Editorial illustration for: Dollar holds multi-month highs as US payrolls loom, yen slides to 1986 low

In brief

  • US dollar holds firm near 101.1-101.2 on the index, bolstered by resilient economic data.
  • Japanese yen weakens to 162 per dollar, its lowest level since 1986.
  • June nonfarm payrolls report due July 2 could reshape Fed policy and global currency markets.

Payrolls and Fed expectations

The June nonfarm payrolls report is due around July 2, with economists forecasting roughly 110,000 jobs added and the unemployment rate expected to hold steady at 4.3%. This comes after May's payrolls came in at 172,000, beating expectations, building on April's 179,000 gain.

US economic data has been consistently resilient, with the labor market adding jobs at a pace that keeps the Fed cautious about easing too quickly. The dollar index is on track for its strongest monthly gain since July 2025, reflecting both the Fed's hawkish stance and broader capital flows into US assets.

Yen weakness and intervention risks

Finance Minister Satsuki Katayama has publicly warned that authorities stand ready to intervene against excessive yen volatility. The Bank of Japan has already intervened earlier in 2026, but the results have been underwhelming. Each intervention has provided a temporary floor for the yen before gravity reasserted itself.

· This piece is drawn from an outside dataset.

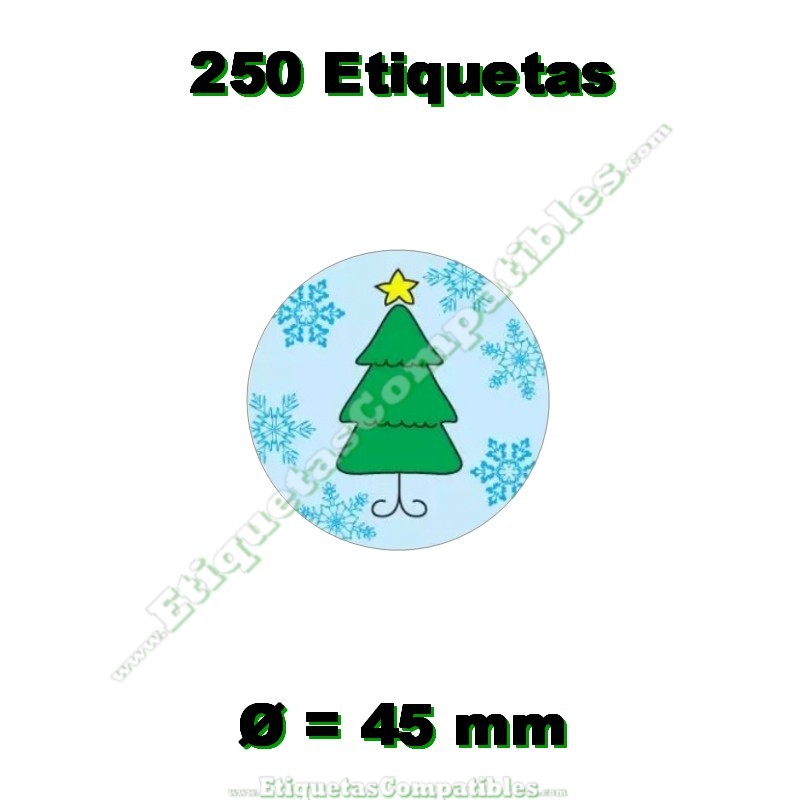 Rollo 250 Etiquetas Árbol Navideño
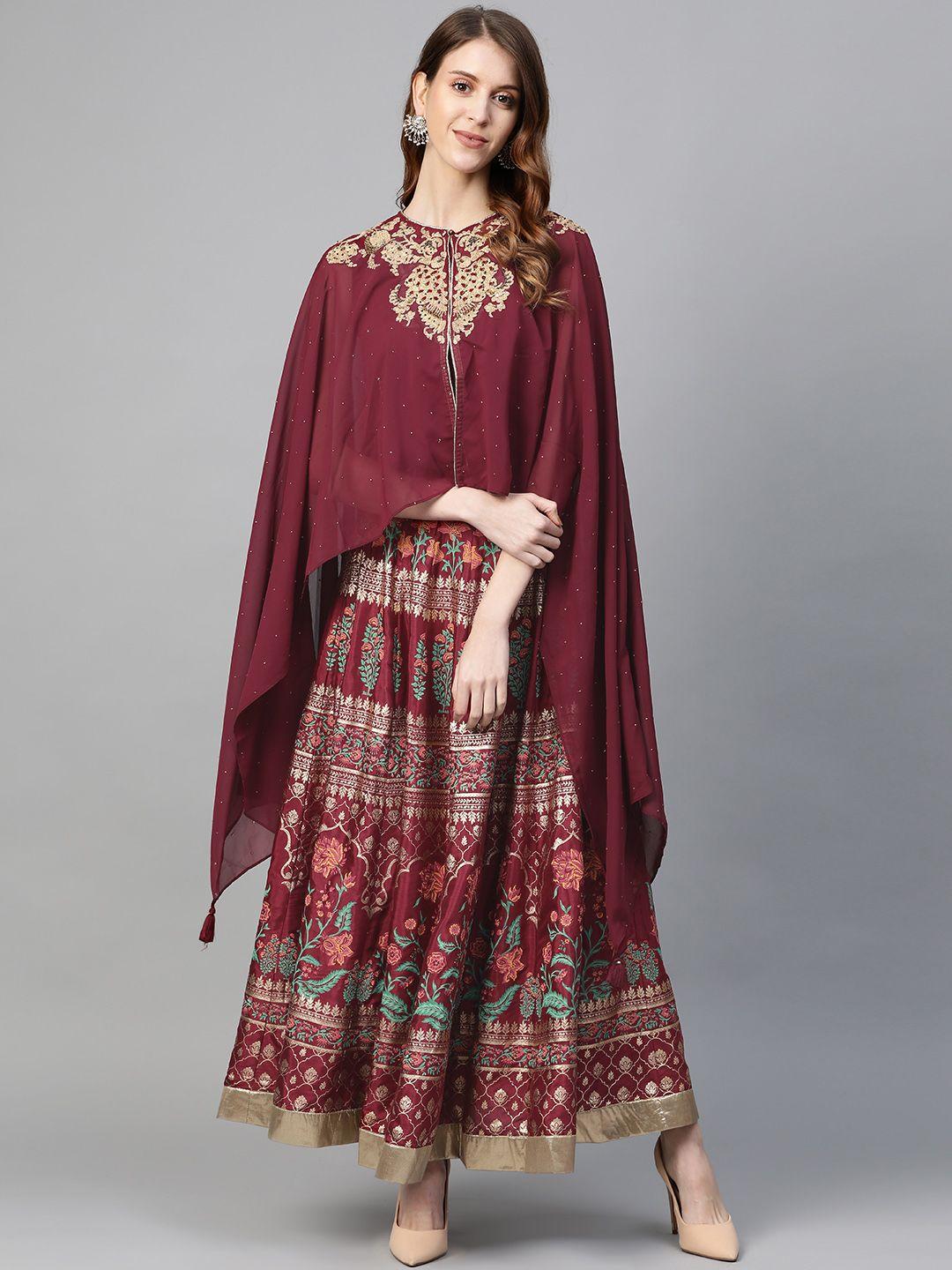 wishful-by-w-women-maroon-&-golden-embroidered-top-with-skirt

The divergence between US and Japanese policy remains the core issue. The BOJ's approach to monetary policy normalization remains cautious, while the Fed continues on a more hawkish trajectory. This gap widens the carry-trade appeal of dollar positions against the yen, pressuring the currency lower.

Broader market drivers

Heightened geopolitical tensions in the Gulf region have revived the dollar's safe-haven appeal. Additionally, AI-driven equity inflows continue to funnel capital into US markets, supporting dollar demand.

"The yen's slide to levels not seen since 1986 has Japanese officials rattling the intervention saber while traders brace for Friday's jobs report"

For traders with yen exposure, the stakes are high. Japanese intervention could trigger sharp, sudden reversals in USD/JPY, making the next payrolls print a potential catalyst for volatility across currency and equity markets alike.